The view of our second campsite from above: Strayhorse Creek streaming through, with the Blue Range all around. Photo by Jonathan Patt.

Written by Ollie Linden, Wild Stew Field Crew Member.

This week saw our entire crew returning to the Apache Sitgreaves National Forest, restoring an additional 3 miles of the Strayhorse Trail #20, a project we have now been working on for four hitches across two years. Such vistas! Such greenery! We basked in the gossamer glow of sunlight reflecting off the meandering stream which eventually feeds out into the Blue River beyond! 

We set a speedy pace, brushing, treading, building cairns, and crosscutting our way up steep, often poison ivy bedecked terrain. By the numbers, on our three mile section of trail we cleared over 150 dead logs, built 59 cairns to show the way in ambiguous terrain, and dug one huge drain at the top of an unavoidably-steep bit of trail, with a continuous dose of brush cutting and tread repair along the way. 

Before/after of one of many creek crossings on the Strayhorse Trail. Photos by Jonathan Patt.
Before/after of an area of significant deadfall and overgrown trail. Photos by Jonathan Patt.

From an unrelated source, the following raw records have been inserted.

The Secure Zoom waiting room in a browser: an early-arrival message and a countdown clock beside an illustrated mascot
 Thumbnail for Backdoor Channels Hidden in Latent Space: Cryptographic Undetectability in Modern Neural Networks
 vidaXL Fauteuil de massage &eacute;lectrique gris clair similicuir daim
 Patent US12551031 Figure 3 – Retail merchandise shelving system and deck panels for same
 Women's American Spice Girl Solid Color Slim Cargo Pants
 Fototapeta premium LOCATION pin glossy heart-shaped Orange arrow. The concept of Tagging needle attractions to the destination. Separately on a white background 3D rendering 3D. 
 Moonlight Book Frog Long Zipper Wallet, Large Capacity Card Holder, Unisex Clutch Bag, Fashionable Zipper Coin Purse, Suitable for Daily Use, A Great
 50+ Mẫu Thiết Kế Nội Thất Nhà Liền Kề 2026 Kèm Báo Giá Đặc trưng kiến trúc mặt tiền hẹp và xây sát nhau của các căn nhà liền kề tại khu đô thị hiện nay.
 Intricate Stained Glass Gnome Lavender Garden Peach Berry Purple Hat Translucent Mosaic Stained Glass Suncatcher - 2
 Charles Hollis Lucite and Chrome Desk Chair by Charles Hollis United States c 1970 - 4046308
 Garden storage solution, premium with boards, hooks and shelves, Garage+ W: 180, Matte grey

Though I am saddened to report we witnessed no horses, stray or otherwise, we did encounter the remains of two (possibly mountain lion!) paws with perfectly intact toe beans! We also encountered a beautiful snake who was hoping if he stayed still long enough we’d walk on by and forget we ever saw him. 

We were also treated to a plethora of birdsongs, and bighorn sheep in the distance! Bird report includes turkey vultures, painted redstarts, cooper’s hawks, macgillivray’s warblers, red-breasted nuthatches, brown creepers, acorn woodpeckers, mexican jays, american robins, whip-poor-wills, canyon wrens, spotted towhees, mountain chickadees, black-headed grosbeaks, some kingbirds, and one wild turkey carcass. To top it off, Dexter came across a black bear running off into the distance during the final evening before departure. 

All hands on deck to move a massive log off the trail. Photo by Chloe Ondracek.

All in all, a rad hitch in a beautiful place, covering lots of ground! Since we started working on the Strayhorse Trail a year ago, we have now restored the first 9.7 miles of the 12.7 mile-long trail. 

Before/after of fallen log debris in the trail. Photos by Jonathan Patt.
Before/after of a tangled pile of logs in the trail. Photos by Jonathan Patt.
Before/after of some of the worst sections of the canyon as it re-entered a burn area temporarily. Photos by Jonathan Patt.
Before/after of tread and brush on the biggest up-and-over around a long slot canyon section. Photos by Jonathan Patt.

Slot canyon photos by Jonathan Patt.